On October 20, 2017, the Internal Revenue Service (IRS) published Office of Chief Counsel Internal Revenue Service Memorandum 20174201F (FSA), legal advice written by a field attorney in the Office of Chief Counsel that was reviewed by an associate office, which deals with a merchant bank’s claim that its revenue from merchant discount fees qualifies as Domestic Product Gross Receipts (DPGR) under Internal Revenue Code (Code) Section 199. According to the FSA, on its amended return the taxpayer claimed a Code Section 199 deduction with respect to its merchant discount fees based on the third-party comparable exception for online software found in Treasury Regulation § 1.199-3(i)(6)(ii)(B). The taxpayer argued that the merchant discount fees were derived from the use of computer software, the software “Platform.” The taxpayer took solace in the fact that third parties derived gross receipts from the disposition of substantially identical software. Accordingly, the taxpayer argued that the merchant discount fees should be treated as DPGR pursuant to the third party comparable exception.

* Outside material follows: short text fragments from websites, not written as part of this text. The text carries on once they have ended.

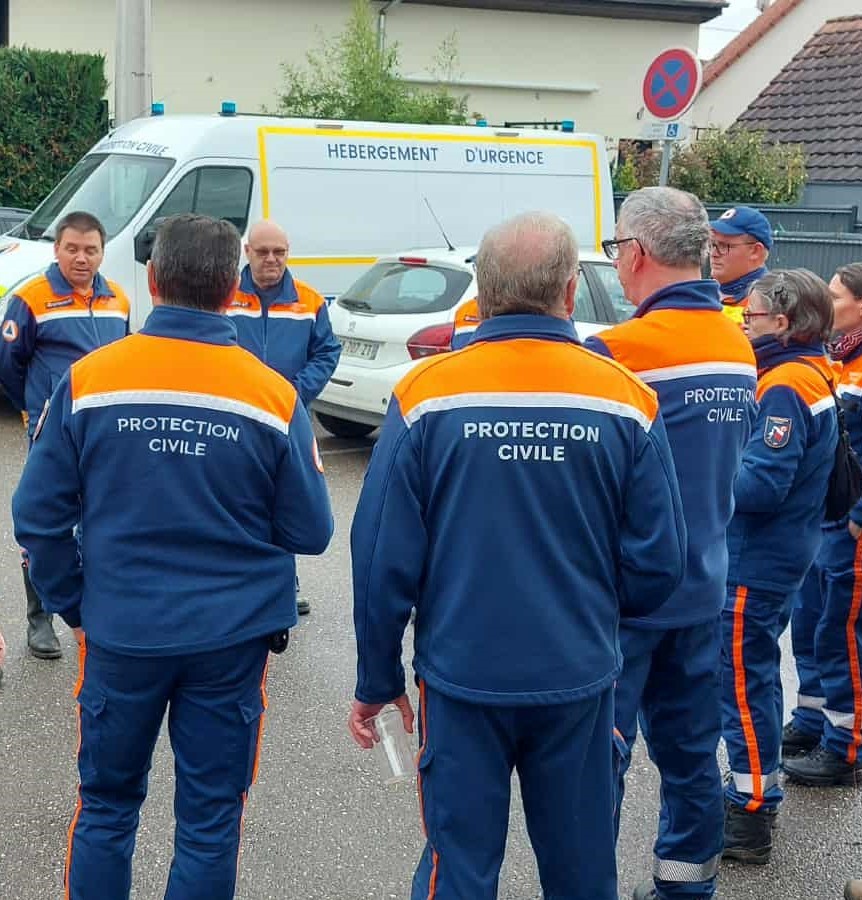 adpc67's tweet photo. 𝟵𝟰 bénévoles de 𝗣𝗿𝗼𝘁𝗲𝗰𝘁𝗶𝗼𝗻 𝗖𝗶𝘃𝗶𝗹𝗲 mobilisés en 𝗔𝗹𝘀𝗮𝗰𝗲 ce WE:
🔶Exercice PCS #Furdenheim
🔷Schnutzer Ranna #HorbourgWihr
🔶Formation Pansements #Colmar
🔷Formation BNSSA #Strasbourg
🔶Vérification Matériels #Vendenheim
🔷Formation PSC #Mutzig #Strasbourg https://t.co/mNQfJQGhWg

The IRS, however, had a very different perspective. Its analysis began with the threshold question of whether there was a “disposition” of the Platform. The IRS concluded that the taxpayer did not dispose of the Platform because the taxpayer did not lease, rent, license, sell, exchange or otherwise dispose of the Platform as required by Treasury Regulation § 1.199-3(i)(6)(i). Moreover, the IRS concluded that the merchant discount fees represented remuneration for “online services” (e.g., online banking services) per Treasury Regulation §1.199-3(i)(6)(i). Because the taxpayer did not establish that there was a disposition of the Platform, the third party comparability exception in Treasury Regulation § 1.199-3(i)(6)(ii)(B) is inapplicable—the merchant discount fees were derived “from the provision of merchant acquiring services.”
Practice Point: We have reported extensively on the IRS’s attacks on taxpayer’s ability to claim the IRC section 199 deduction for computer software and qualified film production. The issue is also on the IRS’s annual Guidance Plan as an area in which the IRS expects to issue regulations within the next year. The FSA is further proof that taxpayers and the IRS do not see eye-to-eye on these issues. Indeed, there are presently several docketed cases seeking judicial determinations regarding the applicability of the third-party comparable exception. Because we have several clients who have this same issue, we are watching it closely, and will report back with any developments.